9/17/08

Jolt and Crash

A few nights ago I threw all my covers off my bed, while half-asleep. Half-asleep, hand X'd, arm bruised, and completely disoriented in my own blue room. It almost took hours before I processed the complete darkness, and finally dug up the sheets from the floor. 
Like a brick wall had hit me, sober, without any cause. 
I was furious there were no conditions to blame. I felt sick. Cheated or counter-attacking out of nothing but darkness. Run...and-BANG into that wall. 



And ever since I've been 10 minutes late. Leaving, joining, replying, returning...completely late.
Like a maddening cycle of still--jolt--crash, and back again. 
Causing a morning heavy, sloppy, form of stalling. Causing longings of reclusiveness, fighting against the ones of tart concoctions. Since the muscles ache and the inspirations don't come on command.


It's the mad rush of discarding...and confused-trying to right what'll grow dirty on the hardwood floor.
It's the homeless man on the median strip who let me take his portrait-bursting conversation, it's the little old bag lady running across a York Road intersection, it's the cop who saw my telephoto lens and (I'm convinced) stopped to pose in mid-directing of a traffic jam. 

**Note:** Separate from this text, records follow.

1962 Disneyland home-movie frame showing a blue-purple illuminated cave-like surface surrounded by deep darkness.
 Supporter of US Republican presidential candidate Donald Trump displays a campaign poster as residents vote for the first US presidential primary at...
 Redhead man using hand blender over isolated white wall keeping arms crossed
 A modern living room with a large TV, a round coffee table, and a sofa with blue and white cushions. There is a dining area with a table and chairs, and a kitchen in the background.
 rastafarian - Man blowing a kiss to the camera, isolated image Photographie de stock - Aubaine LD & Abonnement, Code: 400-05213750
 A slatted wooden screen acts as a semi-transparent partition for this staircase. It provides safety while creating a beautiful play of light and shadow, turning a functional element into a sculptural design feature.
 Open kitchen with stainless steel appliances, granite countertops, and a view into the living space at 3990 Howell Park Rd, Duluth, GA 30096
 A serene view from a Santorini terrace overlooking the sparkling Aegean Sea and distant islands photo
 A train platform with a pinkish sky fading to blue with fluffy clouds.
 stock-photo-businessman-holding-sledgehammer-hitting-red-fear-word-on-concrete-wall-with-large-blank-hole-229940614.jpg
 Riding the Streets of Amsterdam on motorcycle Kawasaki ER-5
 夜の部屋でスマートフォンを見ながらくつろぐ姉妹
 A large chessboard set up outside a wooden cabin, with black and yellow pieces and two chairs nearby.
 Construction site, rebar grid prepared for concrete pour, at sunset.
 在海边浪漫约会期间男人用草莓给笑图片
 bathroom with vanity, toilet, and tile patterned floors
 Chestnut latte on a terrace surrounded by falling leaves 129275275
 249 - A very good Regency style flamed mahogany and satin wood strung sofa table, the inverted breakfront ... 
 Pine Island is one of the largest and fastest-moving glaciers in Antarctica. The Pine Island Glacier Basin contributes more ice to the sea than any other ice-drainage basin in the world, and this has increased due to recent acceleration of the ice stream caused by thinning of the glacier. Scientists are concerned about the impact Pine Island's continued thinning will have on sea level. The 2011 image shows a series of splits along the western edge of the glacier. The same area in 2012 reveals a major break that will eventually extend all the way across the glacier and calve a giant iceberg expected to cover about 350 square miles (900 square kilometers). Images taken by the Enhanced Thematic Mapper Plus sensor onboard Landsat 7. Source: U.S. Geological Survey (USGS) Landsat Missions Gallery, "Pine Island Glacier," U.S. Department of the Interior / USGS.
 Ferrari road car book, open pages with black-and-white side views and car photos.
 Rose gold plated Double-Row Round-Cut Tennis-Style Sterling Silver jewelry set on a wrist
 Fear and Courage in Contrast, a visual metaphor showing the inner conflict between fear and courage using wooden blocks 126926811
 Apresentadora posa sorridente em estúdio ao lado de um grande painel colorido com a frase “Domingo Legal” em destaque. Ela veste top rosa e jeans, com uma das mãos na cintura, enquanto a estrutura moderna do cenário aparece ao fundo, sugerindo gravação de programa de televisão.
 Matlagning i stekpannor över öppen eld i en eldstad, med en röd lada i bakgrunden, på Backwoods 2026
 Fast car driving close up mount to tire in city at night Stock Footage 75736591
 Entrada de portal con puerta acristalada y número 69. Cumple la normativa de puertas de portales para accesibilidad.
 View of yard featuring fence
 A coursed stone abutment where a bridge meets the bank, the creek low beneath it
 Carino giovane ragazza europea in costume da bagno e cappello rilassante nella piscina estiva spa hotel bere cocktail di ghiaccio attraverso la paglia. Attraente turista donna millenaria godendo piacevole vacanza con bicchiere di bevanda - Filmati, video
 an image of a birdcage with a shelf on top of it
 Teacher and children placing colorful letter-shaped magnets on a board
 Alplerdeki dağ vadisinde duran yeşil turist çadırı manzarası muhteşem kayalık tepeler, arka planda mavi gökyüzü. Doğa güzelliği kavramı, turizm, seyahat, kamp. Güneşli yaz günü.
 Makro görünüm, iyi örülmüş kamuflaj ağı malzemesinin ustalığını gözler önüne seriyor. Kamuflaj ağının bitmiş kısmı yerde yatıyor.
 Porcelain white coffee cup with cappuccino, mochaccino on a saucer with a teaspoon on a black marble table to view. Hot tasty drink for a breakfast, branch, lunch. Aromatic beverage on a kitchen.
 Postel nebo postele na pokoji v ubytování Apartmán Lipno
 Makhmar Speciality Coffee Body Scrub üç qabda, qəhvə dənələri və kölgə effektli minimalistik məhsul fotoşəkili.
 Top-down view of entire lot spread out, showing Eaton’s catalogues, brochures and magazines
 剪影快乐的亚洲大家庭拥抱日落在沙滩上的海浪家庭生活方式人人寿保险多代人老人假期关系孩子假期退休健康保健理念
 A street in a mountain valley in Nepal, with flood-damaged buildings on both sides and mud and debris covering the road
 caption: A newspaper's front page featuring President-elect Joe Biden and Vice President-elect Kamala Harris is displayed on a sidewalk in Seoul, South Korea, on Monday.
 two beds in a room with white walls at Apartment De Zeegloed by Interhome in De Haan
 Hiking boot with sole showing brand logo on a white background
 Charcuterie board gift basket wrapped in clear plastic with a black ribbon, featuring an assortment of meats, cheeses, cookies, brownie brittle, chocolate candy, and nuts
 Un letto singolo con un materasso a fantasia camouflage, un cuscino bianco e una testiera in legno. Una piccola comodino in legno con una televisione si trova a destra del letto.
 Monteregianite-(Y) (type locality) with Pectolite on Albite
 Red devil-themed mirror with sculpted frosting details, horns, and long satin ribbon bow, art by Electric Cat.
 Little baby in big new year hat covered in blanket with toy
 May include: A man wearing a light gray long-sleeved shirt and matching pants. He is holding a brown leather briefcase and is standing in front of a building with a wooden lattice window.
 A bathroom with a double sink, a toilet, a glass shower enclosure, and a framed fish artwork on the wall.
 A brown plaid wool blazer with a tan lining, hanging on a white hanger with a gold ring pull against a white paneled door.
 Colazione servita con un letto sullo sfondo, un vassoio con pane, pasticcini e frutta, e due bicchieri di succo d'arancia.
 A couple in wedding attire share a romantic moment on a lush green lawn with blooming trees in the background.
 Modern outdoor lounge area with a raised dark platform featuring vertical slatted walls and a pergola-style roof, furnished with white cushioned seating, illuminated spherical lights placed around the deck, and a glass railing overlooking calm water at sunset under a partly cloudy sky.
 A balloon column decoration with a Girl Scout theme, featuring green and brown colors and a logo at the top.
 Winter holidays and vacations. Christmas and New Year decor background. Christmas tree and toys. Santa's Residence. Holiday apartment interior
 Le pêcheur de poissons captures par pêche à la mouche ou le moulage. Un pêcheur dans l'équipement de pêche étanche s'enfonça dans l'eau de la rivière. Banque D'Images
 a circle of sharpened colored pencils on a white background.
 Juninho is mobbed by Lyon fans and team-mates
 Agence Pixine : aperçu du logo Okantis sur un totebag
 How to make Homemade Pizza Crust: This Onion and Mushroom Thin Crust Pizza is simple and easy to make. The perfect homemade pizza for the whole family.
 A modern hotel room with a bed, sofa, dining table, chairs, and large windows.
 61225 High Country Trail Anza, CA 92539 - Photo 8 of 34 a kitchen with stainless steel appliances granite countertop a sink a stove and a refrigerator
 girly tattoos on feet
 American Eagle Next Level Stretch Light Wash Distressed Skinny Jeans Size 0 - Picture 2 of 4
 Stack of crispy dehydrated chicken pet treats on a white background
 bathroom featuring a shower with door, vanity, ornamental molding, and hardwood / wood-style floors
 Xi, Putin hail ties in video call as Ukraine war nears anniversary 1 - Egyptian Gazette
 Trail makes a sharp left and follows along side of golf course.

All the people looking for an even rhythm. These are the weeks where weekends tingle with so many places to be. It overwhelms and exhilarates those it doesn't pass over. For a couple smiles, a couple photographs, and a couple minutes it feels like yourself-complete,...before the mood shifts again....and again...
Before another hour goes by in the 410.





Daily headphones: Matt Nathanson's "I Saw", get the live acoustic version, and just unwind.